Before getting into the model and fine-tuning, we need to download some data to fine-tune our model with...

In [None]:
from datasets import load_dataset

# load the first 1K rows of the TREC dataset
trec = load_dataset('trec', split='train[:1000]')
trec

In [None]:
trec[0]

There are also a few data preparation steps we need to perform. We need to tokenize our input text `text`, one-hot encode our labels `label-coarse`, and then place these together in a dataset and dataloader.

For tokenization we need to use a *tokenizer*, we will use the `bert-base-uncased` tokenizer from HF.

In [None]:
from transformers import AutoTokenizer

tokenizer = AutoTokenizer.from_pretrained('bert-base-uncased')

# we have a small dataset so we can tokenize everything at once
# tokenize everything
tokens = tokenizer(
    trec['text'], max_length=512,
    truncation=True, padding='max_length'
)

This returns a list of encoding objects

In [None]:
tokens[:2]

And we access individual components using (for example):

In [None]:
tokens[0].ids

Next we one-hot encode our labels.

In [None]:
import numpy as np

# initialize array to be used
labels = np.zeros(
    (len(trec), max(trec['label-coarse'])+1)
)
# one-hot encode
labels[np.arange(len(trec)), trec['label-coarse']] = 1
labels[:5]

In [None]:
import torch

labels = torch.Tensor(labels)

Now we're ready to create the dataset object.

In [None]:
class TrecDataset(torch.utils.data.Dataset):
    def __init__(self, tokens, labels):
        self.tokens = tokens
        self.labels = labels

    def __getitem__(self, idx):
        input_ids = self.tokens[idx].ids
        attention_mask = self.tokens[idx].attention_mask
        labels = self.labels[idx]
        return {
            'input_ids': torch.tensor(input_ids),
            'attention_mask': torch.tensor(attention_mask),
            'labels': torch.tensor(labels)
        }

    def __len__(self):
        return len(self.labels)

dataset = TrecDataset(tokens, labels)

In [None]:
loader = torch.utils.data.DataLoader(
    dataset, batch_size=64
)

Now let's try training a BERT model, we'll use this and our TREC data to compare inference time on CPU vs MPS.

In [None]:
from transformers import BertForSequenceClassification, BertConfig

config = BertConfig.from_pretrained('bert-base-uncased')
config.num_labels = max(trec['label-coarse'])+1
model = BertForSequenceClassification(config)

Fine-tuning the entire BERT model on first-gen M1 Mac is not going to work, but we can fine-tune the classification head, so let's test that by freezing all BERT layer parameters.
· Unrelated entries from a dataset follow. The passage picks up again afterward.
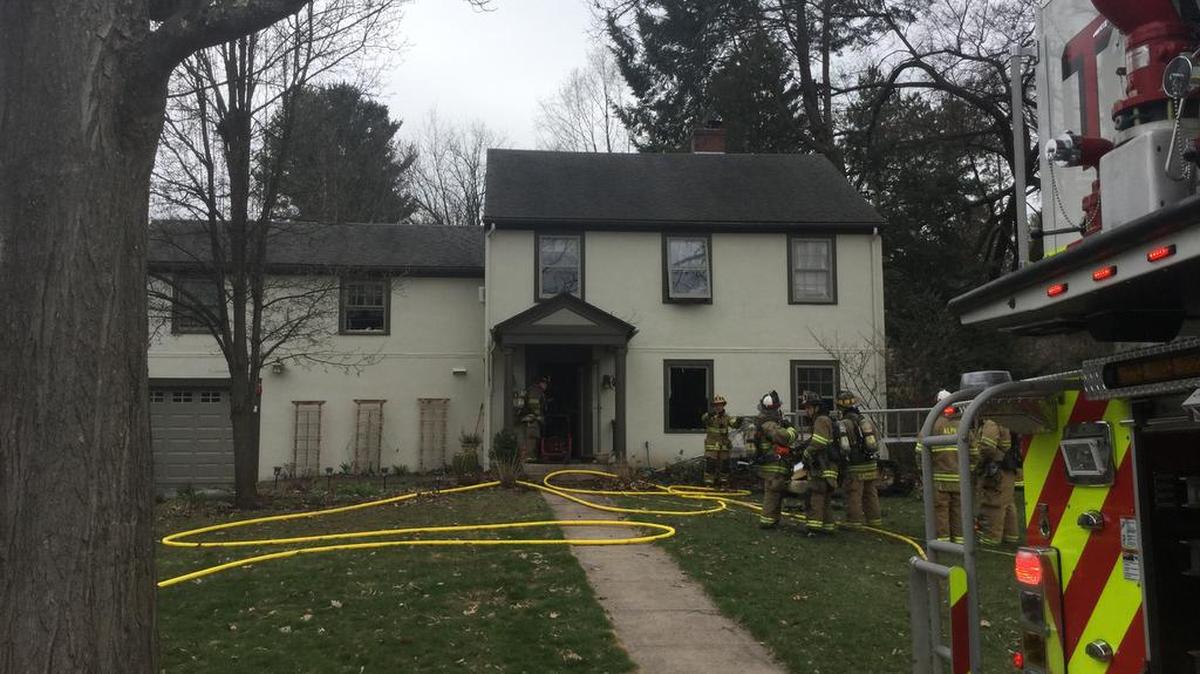 Alpha Fire Company crews respond to a fire March 30, 2017.
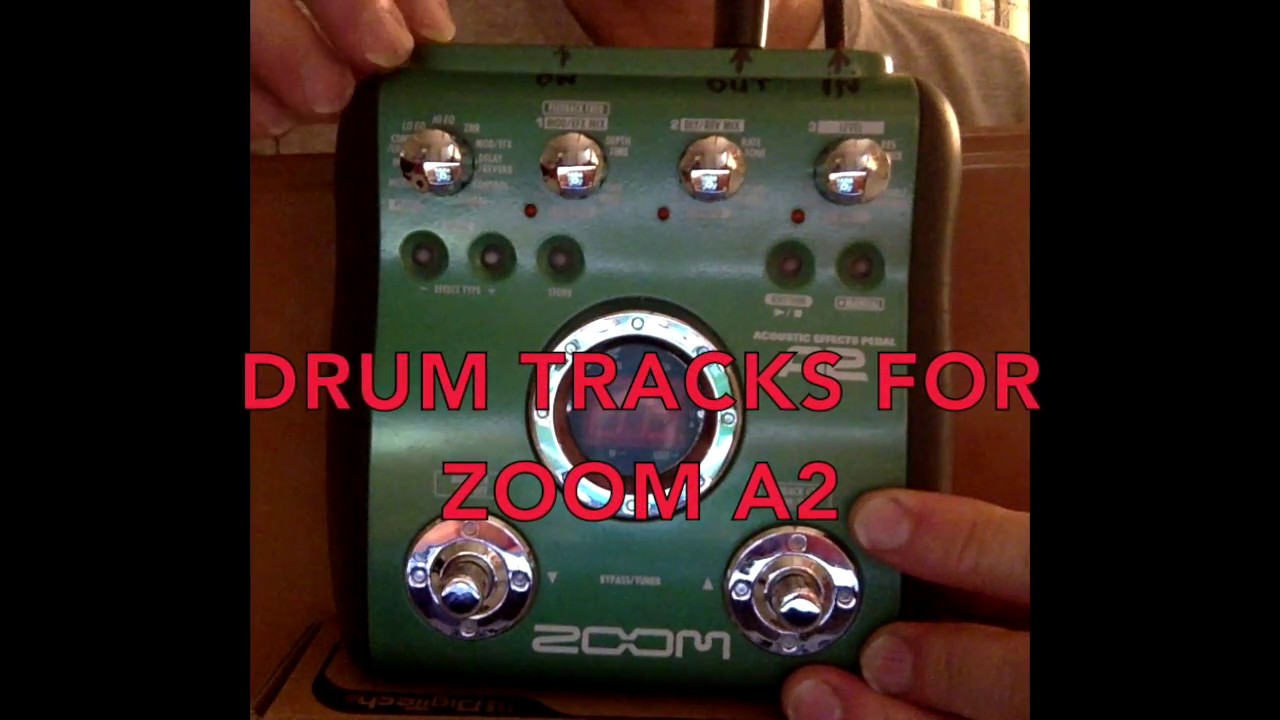 Zoom A2 drum tracks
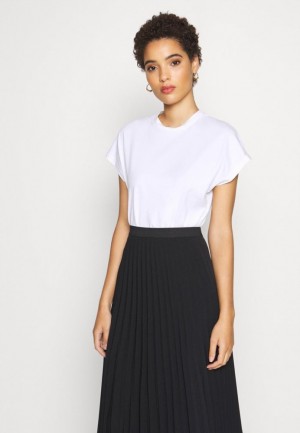 Tricko Anna Field Basic T Shirt Damske Biele | 082-XWPGZU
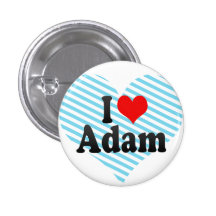 I love Adam Pinback Button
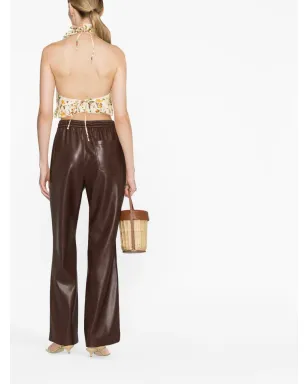 Agua By Agua Bendita Nardo Clementina 花柄プリント クロップトップ - サムネイル4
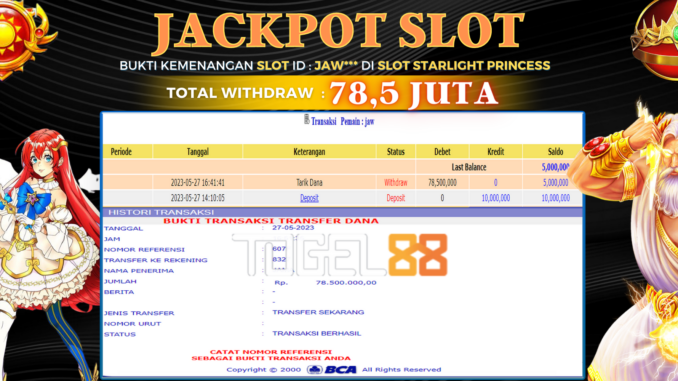 Bukti jackpot Togel88 #203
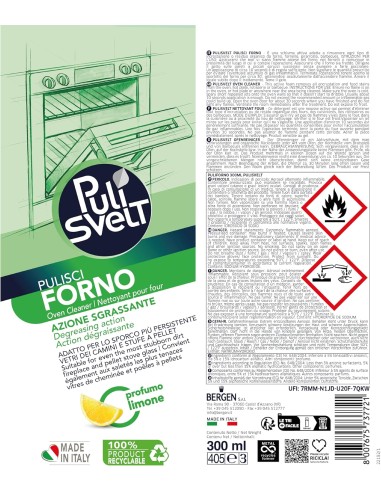 pulisvelt spray pulitore per forni fornelli e grill - 300ml: tuttocasashop.live: pulizia e cura della casa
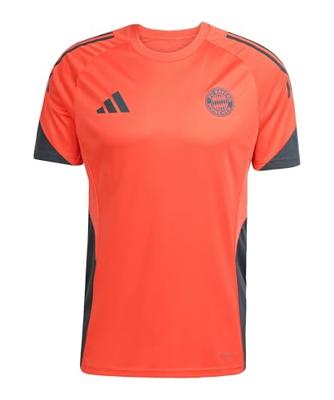 adidas Bayern München Trainingsshirt 2025-2026 Oranje Donkergrijs - thumbnail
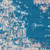 6' Blue And Ivory Medallion Distressed Runner Rug
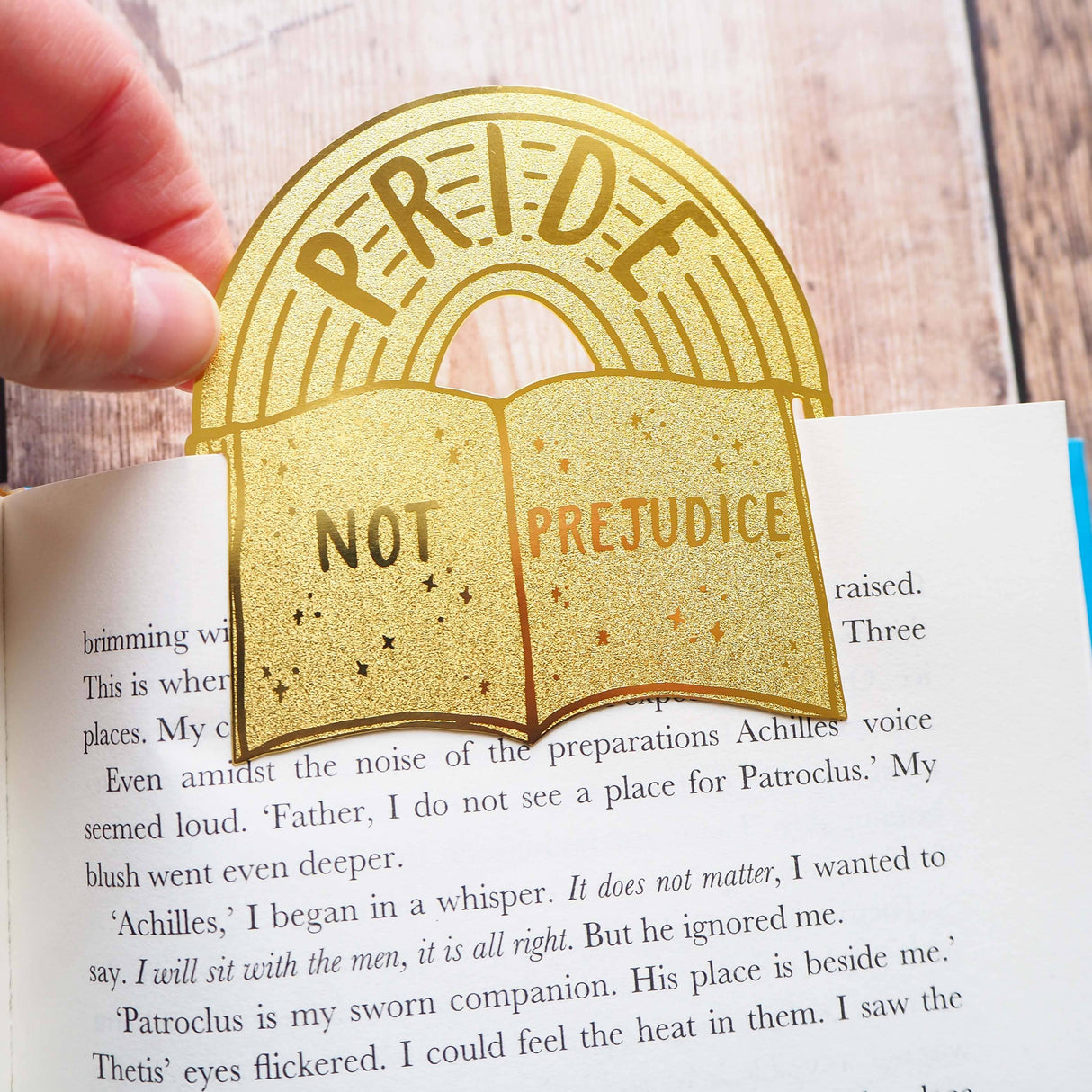 Literary Emporium Pride Not Prejudice Brass Bookmark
Leaving fine-tuning to just to final few classification layers.

In [None]:
for param in model.bert.parameters():
    param.requires_grad = False

Training prep

In [None]:
# activate training mode of model
model.train()

# initialize adam optimizer with weight decay
optim = torch.optim.Adam(model.parameters(), lr=5e-5)

In [None]:
from time import time
from tqdm.auto import tqdm

loop_time = []

# setup loop (using tqdm for the progress bar)
loop = tqdm(loader, leave=True)
for batch in loop:
    t0 = time()
    # initialize calculated gradients (from prev step)
    optim.zero_grad()
    # train model on batch and return outputs (incl. loss)
    outputs = model(**batch)
    # extract loss
    loss = outputs[0]
    # calculate loss for every parameter that needs grad update
    loss.backward()
    # update parameters
    optim.step()
    loop_time.append(time()-t0)
    # print relevant info to progress bar
    loop.set_postfix(loss=loss.item())

In [None]:
loop_time

---